Specifically outlawed are such practices as charging different prices for the same or similar goods unless justified by actual differences in manufacturing, transportation or selling cost (aimed at the practice of selling the same product under different names, at different prices), giving or taking special considerations except for services rendered (aimed at commercial bribery as well as at the agent who is in fact a principal), offering services, facilities, rebates not available to all on “proportionately” equal terms (a provision hitting at special Allowances for advertising).
Administration of the Robinson-Patman Act is in the hands of the Federal Trade Commission, custodian of the Clayton Act which the new law amends.* Hampered by lack of funds, the Commission has been desperately trying to set up administrative machinery for a measure which conceivably might require an NRA staff to enforce it. Not until last week did the Commission get around to cracking down on five corporations in three complaints affecting two homely commodities.
Cheese was one of them. To the astonishment of Board Chairman James L. Kraft of Kraft-Phenix Cheese Corp., the Commission decided that his price lists were discriminatory. Hurt, the cheese man declared: “The prices and discounts now offered were established in a bona fide attempt to comply with the law and in our opinion do comply if any commercially practicable price policy can do so.”
The Commission went out of its way to explain with regard to the Kraft charge that “no allegation is made . . . of bad faith or any subterfuge or secrecy on the part of the respondent in connection with its price policy.” Open to all Kraft customers is a series of discounts from list prices varying with quantity purchased and method of delivery. On Kraft’s loaf cheese a grocer gets 1¢ per lb. off if he buys in lots of from 30 lb. to 149 lb., another 1¢ for lots of from 150 lb. to 749 lb., and on up. On packaged cheese and salad products Kraft allows a 5% discount on orders amounting to $5 or more and requiring only one delivery. To group buyers or chainstores contracting for at least $100 worth of Kraft products per week, delivered at separate stores but requiring only one bill, Kraft also allows a 5% discount. In no case, to either chains or independents, is the discount more than
Nevertheless, that means that a little delicatessen keeper might pay more for his cheese than a chain. And by the Commission’s reading of the law such a state of affairs has led or will lead to a substantial lessening of competition in the U. S. cheese market. If the Commission has its facts straight, it is up to Kraft to prove that its discounts are justified by savings on the larger orders, or that cheese competition has not been affected by its discounts. On virtually the same grounds the Commission also issued a complaint against Shefford Cheese Co. of Syracuse, N. Y.
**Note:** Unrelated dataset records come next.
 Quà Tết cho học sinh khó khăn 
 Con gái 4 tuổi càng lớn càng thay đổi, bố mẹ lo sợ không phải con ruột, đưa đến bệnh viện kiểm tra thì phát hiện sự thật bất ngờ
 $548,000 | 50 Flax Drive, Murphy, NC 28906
Rugs were the other concern of the Federal Trade Commission last week. It complained that Bird & Son, Inc. and a subsidiary were selling floor coverings to Montgomery Ward & Co. at lower prices than to independent retailers. As a beneficiary of the alleged discrimination Ward was also cited.
According to the Commission the best price that a retailer could get from Bird on a certain type of rug was $4.24 in lots of 100 rolls or more. Ward got them for $3.64 in carload lots. Even when delivered in small lots to Ward’s retail stores the price was only $3.82. Independent wholesalers, however, got practically as good terms as the big mail order house.
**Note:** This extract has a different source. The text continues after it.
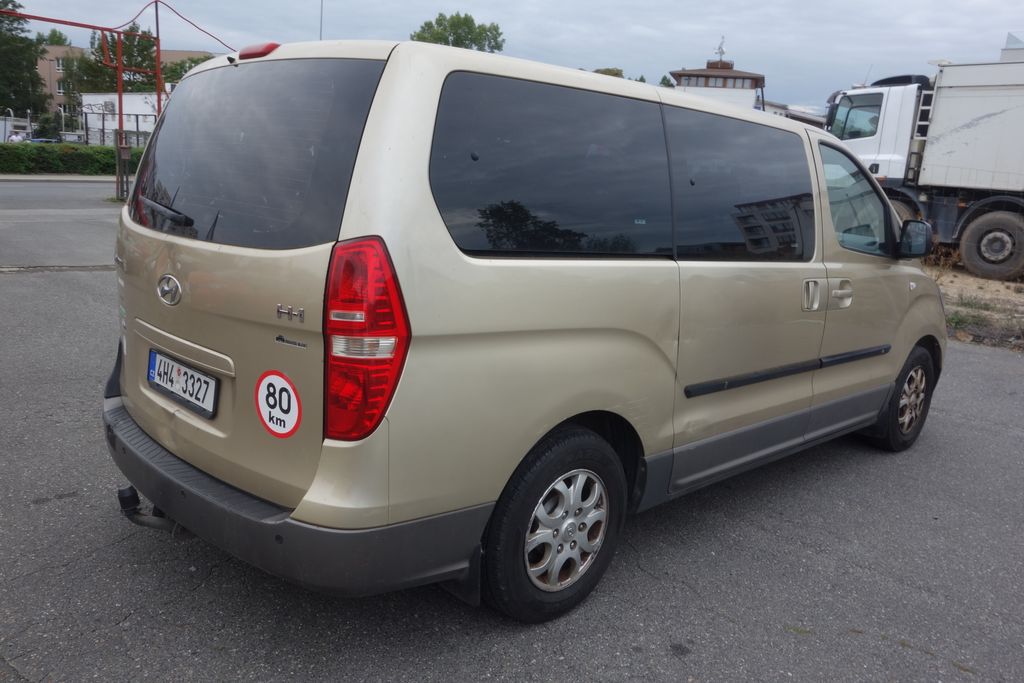 Hyundai H 1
Ward’s President Sewell Lee Avery had no comment to make on his end of the rug case but President Benjamin H. Roberts of Bird & Son declared: “The transaction involved in this case was made prior to the passage of the Robinson-Patman act. . . . Bird . . . has exercised great vigilance in endeavoring to observe this law and avoid any controversy. The issue in the case is of such a character as to probably clarify some doubtful provisions of this law.”
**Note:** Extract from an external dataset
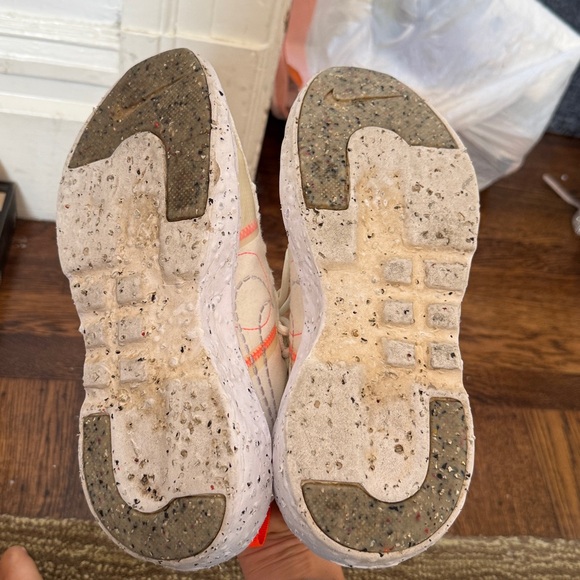 Nike womens crater impact Cream and Orange Sneakers - Picture 5 of 6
The issue presented in the Ward-Bird complaint did indeed raise some knotty problems for U. S. merchants and manufacturers. In some cases big buyers may be driven even further into their own manufacturing operations. In others the manufacturers may have to choose the type of customer they intend to sell to, for the law seems to preclude the wide price differential necessary to retain both a wholesale and a retail trade.
* One of the most confusing features of the Robinson-Patman Act is a separate criminal section which is inconsistent with the rest of the law and administered by the Department of Justice.